Ugh. Seattle Suns has a nice ring to it, though OG Seattle basketball fans who were around for Reign Man and Glove might take umbrage.
We're joking, of course, because ripping a pro basketball team away from its home city will always be a travesty for the fans, especially when it happens because that city refuses to foot the bill for $150 million in renovations. Seattle understands this better than most. Yet, Suns owner Robert Sarver is making waves ahead of a city council vote that that's been postponed, reports the Arizona Republic, because they're not sure they have the votes necessary to make it happen.
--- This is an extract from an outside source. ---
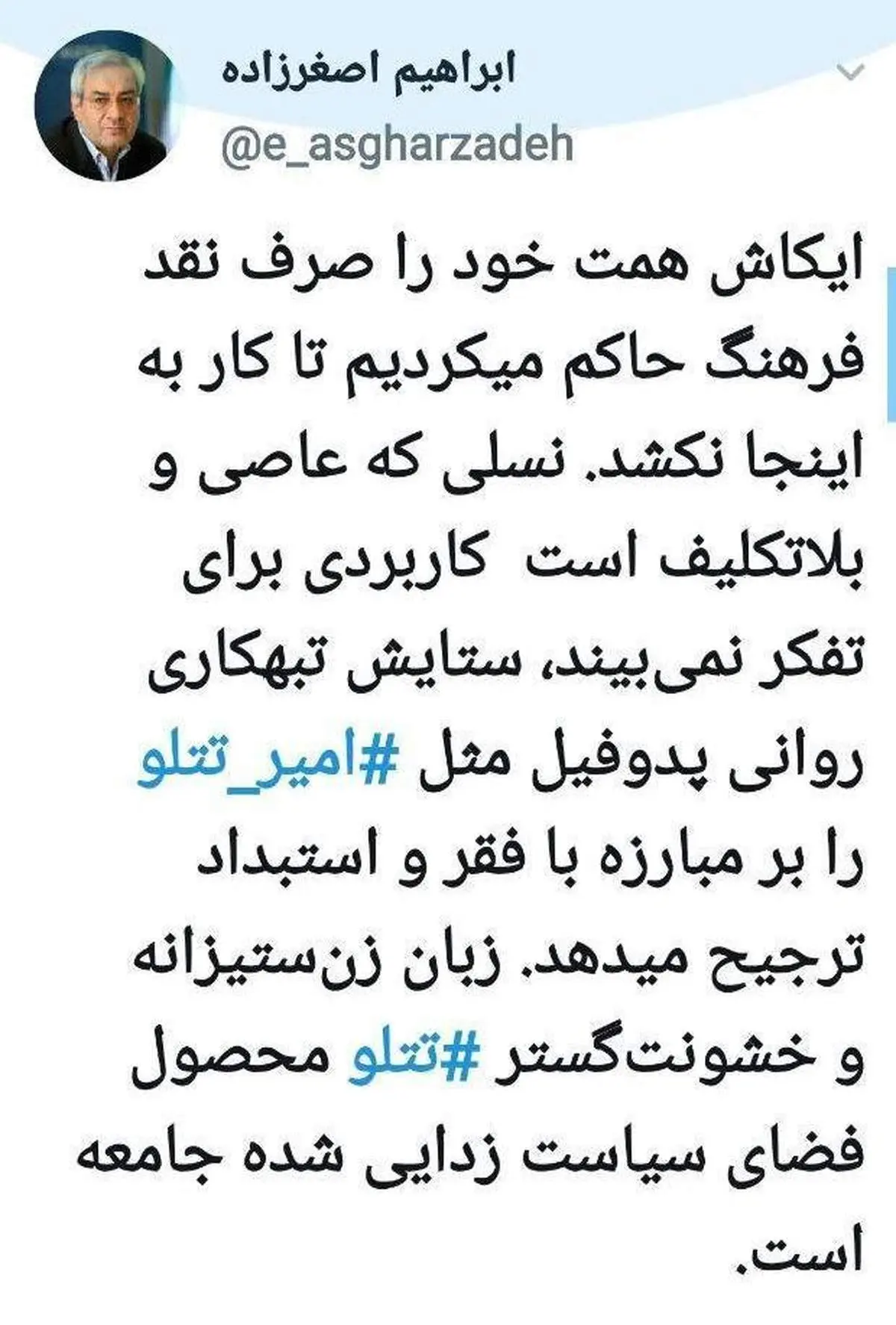 انتقاد تند یک اصلاح طلب از ستایش یک تبهکار روانی به نام امیر تتلو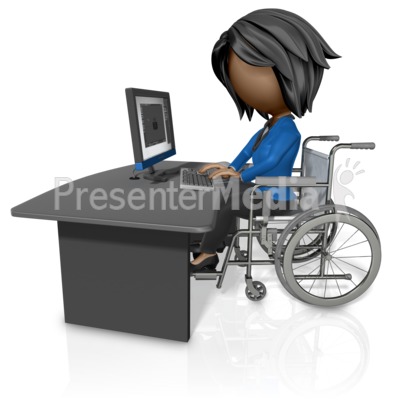 Woman In Wheelchair Working At Desk Presentation clipart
Because of how unsure everyone is now about the vote, the report says Sarver has been telling city council members he'll move the team to Seattle or Las Vegas if they don't vote yes. It seems the details of the deal, once made public, gave city council members pause, seeing as how they'd be justifiably queasy voting yes on a rushed deal that hasn't been properly vetted.
The council votes were reportedly locked up last week but they began softening once the city released details of the deal late Thursday and the public started weighing in.
The last straw came Tuesday night, when Council Michael Nowakowski began wavering – and reportedly wasn't answering his phone for the old arm twist.
Williams is asking the council to postpone the vote until next month – allowing time for two public hearings – rather than suffering a potentially lopsided defeat today that could kill future prospects for a deal.
Any four council members can kill the arena deal and as of Monday, there already are three no votes: Councilmen Sal DiCiccio and Jim Waring and Councilwoman Vania Guevara.
Nowakowski seems to be the fulcrum that could swing the vote, and his hazy statement on the deal could be interpreted any number of ways. "I want to make sure the community understands the economic impact of the arena, the responsibility the city has to the arena owner, what renovations are needed to continue operating the arena and the source of the funds that would be used for renovations," he said as part of his statement.
As laid out by the Republic, the deal itself was only announced about a week ago, a rushed job if there ever was one. And as most would guess, expedited deals of this magnitude are usually covered so no one looks too closely at the specifics. Well, now people are looking and no one is even sure what the $150 million would be spent on, or if the arena needs an upgrade. Not a lick of research has gone into the plan, or what economic benefits would result from this type of city-wide investment; there's been due diligence, so no one is even sure where the 150 stacks will be allocated. It's like a blank check for an owner to do what he pleases.
Sarver's an owner, mind you, worth only about $400 million as of a 2016. While that might be a princely sum for most of us, for NBA owners, it's one false step from liquidation and bankruptcy. And it's not like Sarver brings any sort of astute insight to the fold, either. He blamed millennial culture a couple of years ago for the crap product he's put on the floor. We hope Phoenix gets to keep their basketball team, but that might only happen if they're sold to someone who knows what they're doing.